**Task item**
Leaving out the pictures, please reproduce exactly and only the lines from the one that contains "Callaway Apex UW" through the last line below.

**Records provided**
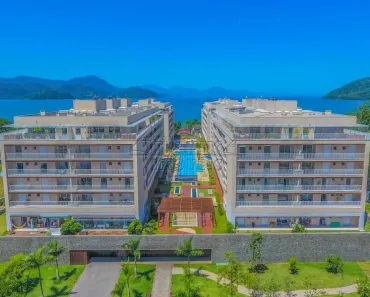 Apartamento com 3 Quartos à venda, 100m² no Itaguá, Ubatuba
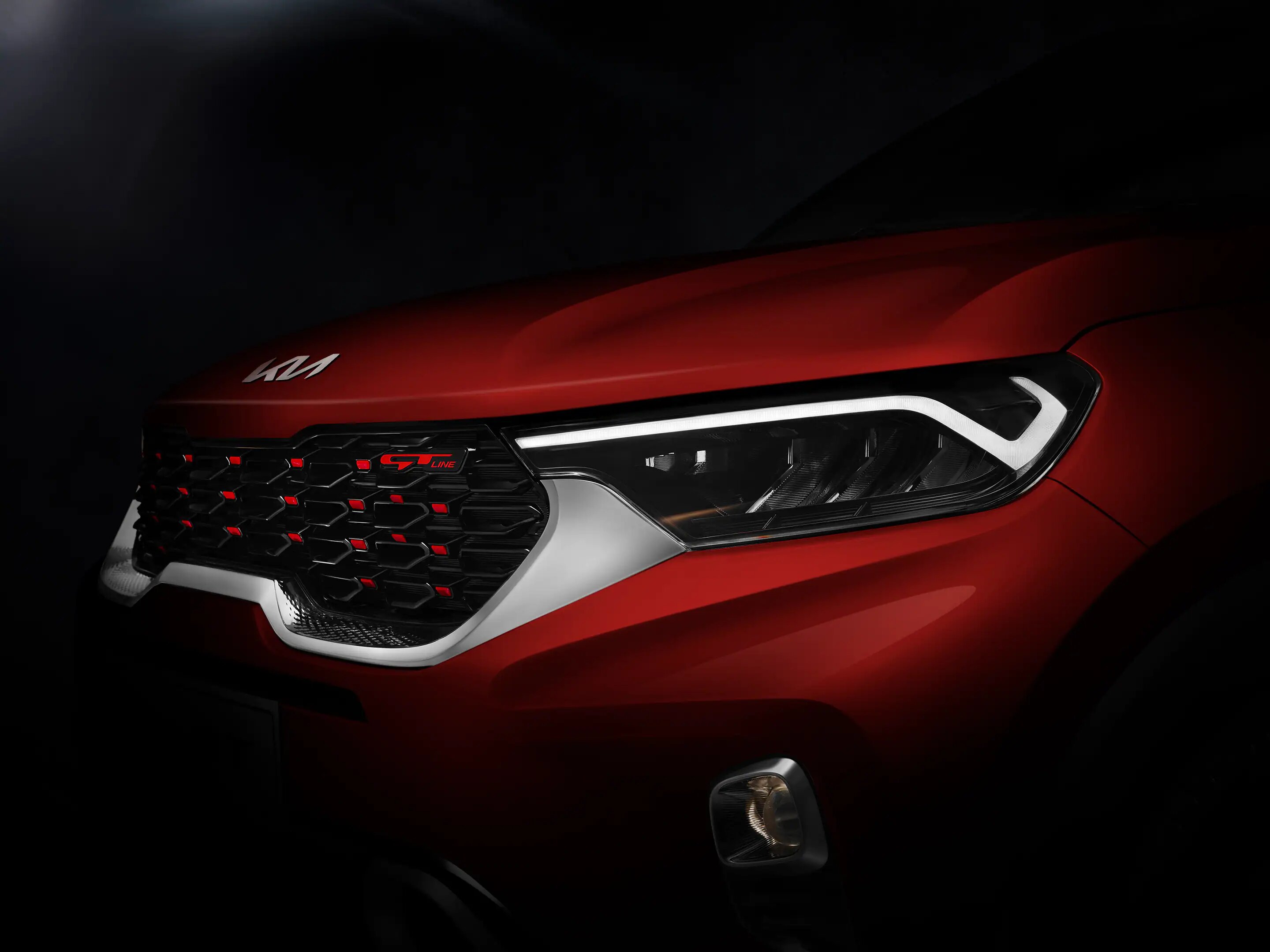 DRLs (Daytime Running Lights)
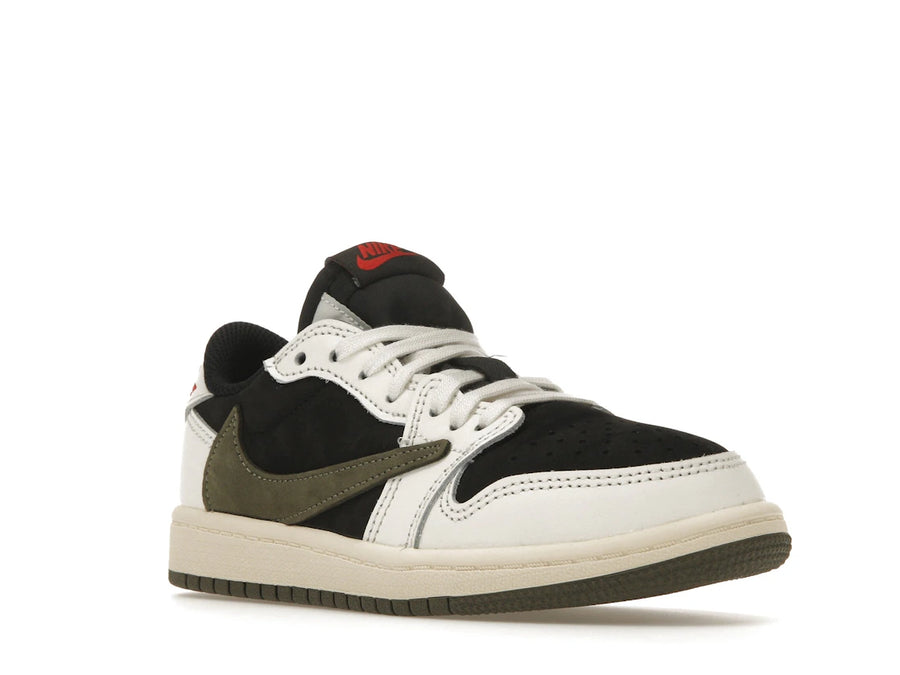 Jordan 1 Retro Low OG SP Travis Scott Olive (PS)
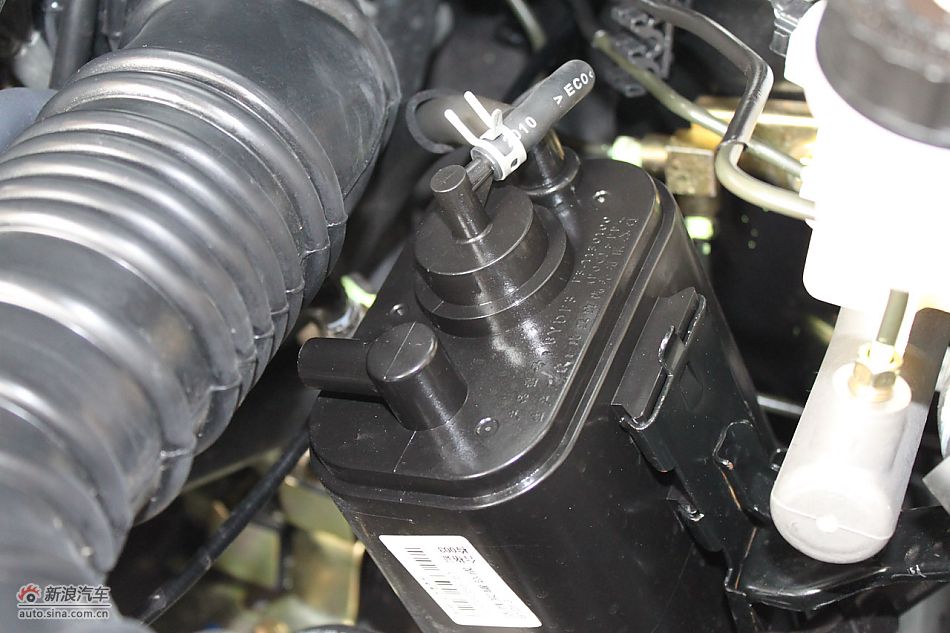 发动机舱、底盘悬挂及后备箱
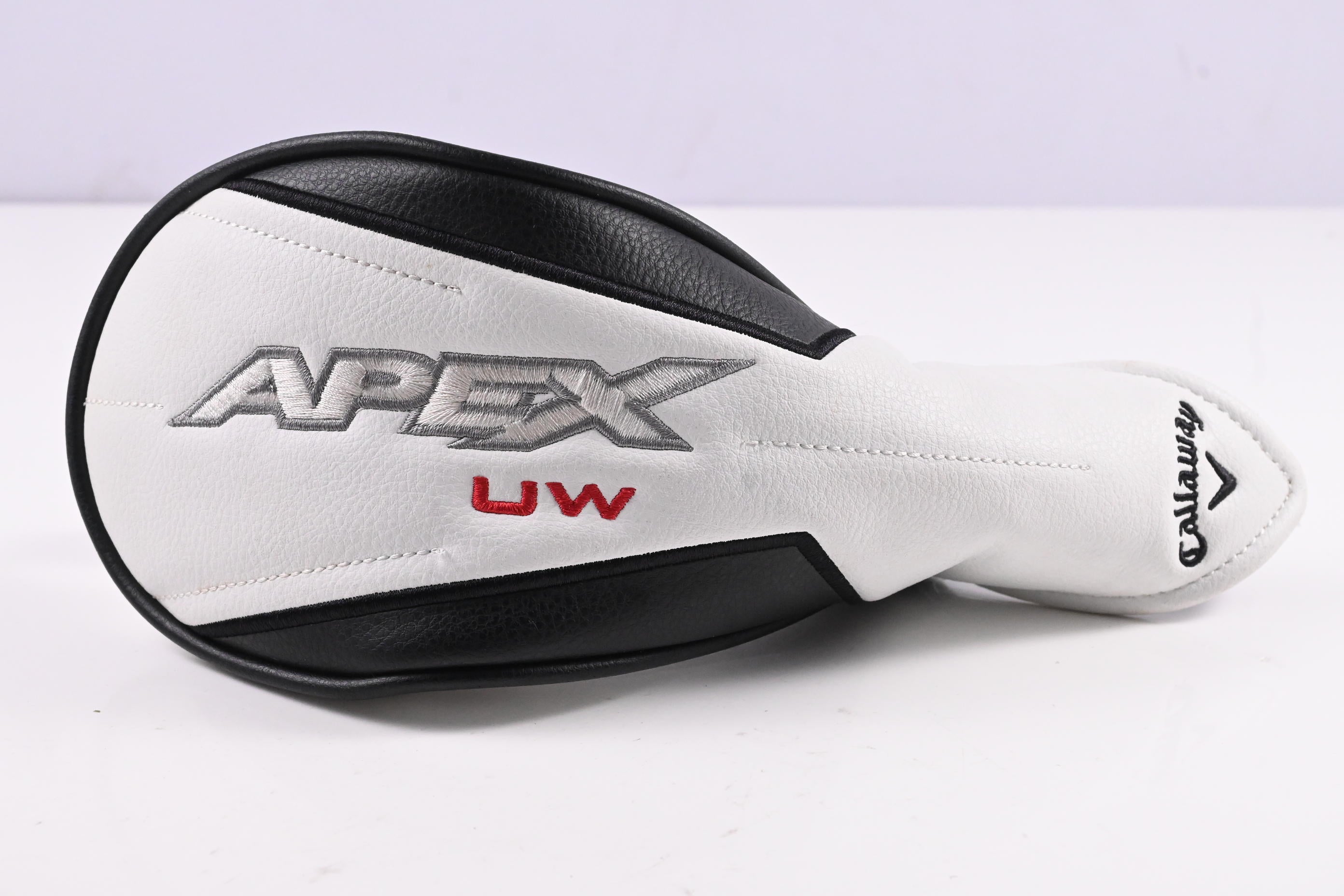 Callaway Apex UW 24 #2 Hybrid / 17 Degree / Stiff Flex MMT 70 Shaft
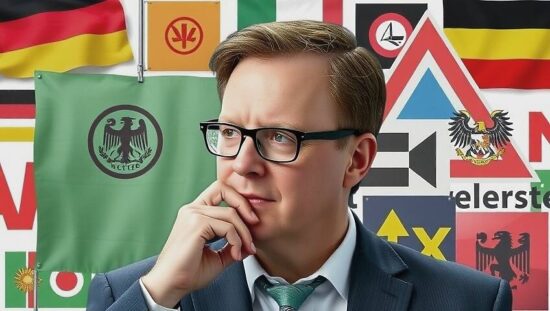 Green Light for a Red-Red-Green Alliance? Habeck's Shocking Coalition Revelation!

**Result of the exercise**
 Callaway Apex UW 24 #2 Hybrid / 17 Degree / Stiff Flex MMT 70 Shaft
 Green Light for a Red-Red-Green Alliance? Habeck's Shocking Coalition Revelation!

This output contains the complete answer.